# Lightroom Mobile using a lot of phone data



## Fred Stephenson (Apr 28, 2017)

I love using mobile on my Iphone se shooting raw. The problem is it uses a lot of data syncing to my home computer. Any help with settings for syncing only the shots I want to send to my home computer would be greatly appreciated. Thanks


----------



## johnbeardy (Apr 28, 2017)

You may want to choose the setting to Sync over Wifi. Tap the Lr icon and you should see it.


----------



## Fred Stephenson (Apr 29, 2017)

johnbeardy said:


> You may want to choose the setting to Sync over Wifi. Tap the Lr icon and you should see it.


I've seen sync over wi-fi but I can't find it. I think I already have it set to that. Is there a way to sync only the photo's I wan't?


----------



## johnbeardy (Apr 29, 2017)

No, you can't choose which to sync, although there are options about offline editing which would result in more data being synced.

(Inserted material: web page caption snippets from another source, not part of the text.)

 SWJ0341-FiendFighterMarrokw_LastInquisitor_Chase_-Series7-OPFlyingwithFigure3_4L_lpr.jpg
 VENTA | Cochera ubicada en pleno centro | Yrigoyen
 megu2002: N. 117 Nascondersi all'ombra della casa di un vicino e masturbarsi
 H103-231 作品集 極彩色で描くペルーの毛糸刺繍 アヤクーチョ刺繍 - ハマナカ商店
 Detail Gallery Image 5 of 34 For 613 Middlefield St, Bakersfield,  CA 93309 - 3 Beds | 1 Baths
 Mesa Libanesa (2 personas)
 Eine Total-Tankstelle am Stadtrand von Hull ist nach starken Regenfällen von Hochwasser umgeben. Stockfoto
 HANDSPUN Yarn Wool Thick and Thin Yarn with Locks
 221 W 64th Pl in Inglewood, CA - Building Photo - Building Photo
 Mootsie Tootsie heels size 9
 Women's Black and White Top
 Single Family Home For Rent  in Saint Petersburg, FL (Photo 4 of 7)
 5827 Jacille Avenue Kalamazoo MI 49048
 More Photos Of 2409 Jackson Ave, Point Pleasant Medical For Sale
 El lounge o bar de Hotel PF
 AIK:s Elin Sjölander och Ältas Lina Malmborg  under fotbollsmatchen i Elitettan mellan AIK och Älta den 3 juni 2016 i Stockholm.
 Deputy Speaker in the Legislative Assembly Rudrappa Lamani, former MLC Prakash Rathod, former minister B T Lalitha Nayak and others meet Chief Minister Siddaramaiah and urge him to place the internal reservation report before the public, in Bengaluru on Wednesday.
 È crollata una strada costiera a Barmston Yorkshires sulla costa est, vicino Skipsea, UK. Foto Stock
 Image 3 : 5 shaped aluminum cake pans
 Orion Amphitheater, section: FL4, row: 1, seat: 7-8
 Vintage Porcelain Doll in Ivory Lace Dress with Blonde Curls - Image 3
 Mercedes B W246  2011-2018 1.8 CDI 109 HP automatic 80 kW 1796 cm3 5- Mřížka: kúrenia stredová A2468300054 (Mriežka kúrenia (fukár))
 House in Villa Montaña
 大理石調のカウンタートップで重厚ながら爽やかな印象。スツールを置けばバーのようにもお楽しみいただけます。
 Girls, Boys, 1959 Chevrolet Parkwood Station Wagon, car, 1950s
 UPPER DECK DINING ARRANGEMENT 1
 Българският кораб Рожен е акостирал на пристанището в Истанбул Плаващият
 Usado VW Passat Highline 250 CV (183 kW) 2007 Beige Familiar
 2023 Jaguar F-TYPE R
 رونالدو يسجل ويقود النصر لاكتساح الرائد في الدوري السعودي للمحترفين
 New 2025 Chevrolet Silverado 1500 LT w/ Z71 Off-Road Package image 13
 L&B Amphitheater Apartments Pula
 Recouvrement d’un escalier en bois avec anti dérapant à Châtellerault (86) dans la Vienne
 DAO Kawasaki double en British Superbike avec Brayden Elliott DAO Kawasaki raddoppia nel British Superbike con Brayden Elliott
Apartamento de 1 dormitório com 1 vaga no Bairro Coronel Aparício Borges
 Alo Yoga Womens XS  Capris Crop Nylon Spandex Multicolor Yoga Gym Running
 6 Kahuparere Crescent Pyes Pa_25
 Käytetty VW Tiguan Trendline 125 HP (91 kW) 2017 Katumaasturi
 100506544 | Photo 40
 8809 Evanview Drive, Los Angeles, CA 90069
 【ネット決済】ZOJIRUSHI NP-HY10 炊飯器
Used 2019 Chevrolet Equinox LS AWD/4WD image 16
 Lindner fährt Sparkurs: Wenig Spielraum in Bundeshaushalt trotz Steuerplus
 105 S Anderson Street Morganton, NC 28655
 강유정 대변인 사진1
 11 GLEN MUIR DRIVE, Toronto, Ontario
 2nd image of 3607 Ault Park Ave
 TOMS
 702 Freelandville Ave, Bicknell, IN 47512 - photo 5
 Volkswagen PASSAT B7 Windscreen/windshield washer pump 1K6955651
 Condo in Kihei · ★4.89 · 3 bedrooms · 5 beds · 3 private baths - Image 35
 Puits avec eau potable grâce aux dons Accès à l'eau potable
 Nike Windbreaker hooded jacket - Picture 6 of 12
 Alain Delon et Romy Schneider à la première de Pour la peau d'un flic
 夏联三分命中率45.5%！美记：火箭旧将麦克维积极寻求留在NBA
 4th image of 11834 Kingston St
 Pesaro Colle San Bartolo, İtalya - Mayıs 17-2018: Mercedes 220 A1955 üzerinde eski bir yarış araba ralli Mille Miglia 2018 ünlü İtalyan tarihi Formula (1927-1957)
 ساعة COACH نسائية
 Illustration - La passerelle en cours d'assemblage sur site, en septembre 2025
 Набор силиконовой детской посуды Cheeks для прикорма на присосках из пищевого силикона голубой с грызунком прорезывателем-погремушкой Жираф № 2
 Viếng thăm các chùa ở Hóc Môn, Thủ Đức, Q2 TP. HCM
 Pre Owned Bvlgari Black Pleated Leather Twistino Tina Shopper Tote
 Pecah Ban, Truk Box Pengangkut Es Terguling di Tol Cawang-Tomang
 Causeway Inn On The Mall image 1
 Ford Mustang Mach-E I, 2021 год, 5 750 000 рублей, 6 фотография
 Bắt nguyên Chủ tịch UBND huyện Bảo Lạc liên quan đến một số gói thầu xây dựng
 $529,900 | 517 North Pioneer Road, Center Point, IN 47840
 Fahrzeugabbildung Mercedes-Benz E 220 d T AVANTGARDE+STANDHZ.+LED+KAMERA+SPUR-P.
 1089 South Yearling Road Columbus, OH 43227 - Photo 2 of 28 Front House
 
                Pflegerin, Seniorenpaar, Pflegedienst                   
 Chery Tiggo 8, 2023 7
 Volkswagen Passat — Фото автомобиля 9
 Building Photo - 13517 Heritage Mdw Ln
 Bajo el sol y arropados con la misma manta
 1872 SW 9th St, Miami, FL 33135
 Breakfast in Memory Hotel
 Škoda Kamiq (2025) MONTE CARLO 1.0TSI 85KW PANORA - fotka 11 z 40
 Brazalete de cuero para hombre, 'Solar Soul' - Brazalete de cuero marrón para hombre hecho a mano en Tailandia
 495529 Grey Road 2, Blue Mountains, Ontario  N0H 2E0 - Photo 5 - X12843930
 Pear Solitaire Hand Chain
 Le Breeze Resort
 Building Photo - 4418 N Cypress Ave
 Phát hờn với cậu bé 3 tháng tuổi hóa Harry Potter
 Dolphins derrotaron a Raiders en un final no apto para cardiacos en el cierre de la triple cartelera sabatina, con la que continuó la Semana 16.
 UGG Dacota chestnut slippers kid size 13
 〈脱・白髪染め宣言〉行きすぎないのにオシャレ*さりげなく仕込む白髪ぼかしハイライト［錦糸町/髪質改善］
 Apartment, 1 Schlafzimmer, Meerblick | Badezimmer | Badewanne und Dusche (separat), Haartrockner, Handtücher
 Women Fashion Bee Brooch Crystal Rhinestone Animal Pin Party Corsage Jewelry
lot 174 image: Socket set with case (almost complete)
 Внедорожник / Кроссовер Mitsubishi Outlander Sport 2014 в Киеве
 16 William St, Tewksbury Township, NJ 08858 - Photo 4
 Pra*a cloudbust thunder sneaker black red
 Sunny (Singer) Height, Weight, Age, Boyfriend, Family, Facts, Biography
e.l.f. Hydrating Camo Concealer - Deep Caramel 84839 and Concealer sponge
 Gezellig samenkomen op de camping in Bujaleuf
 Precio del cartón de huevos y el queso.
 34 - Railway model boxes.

To find sync over wifi, tap the Lr icon in the top left and a panel opens. Sync Only Over Wifi is the first item. Check that.

Something else you could do is in the phone's Settings > Mobile Data. You can disable Lr's mobile data. 

My phone is PAYG so I have it set up like with no Mobile Data for Lr, Sync Only Over Wifi, and with lots of collections' offline editing enabled. Providing I sync stuff when I'm on wifi, it means I always have images available and never incur any phone costs.

John


----------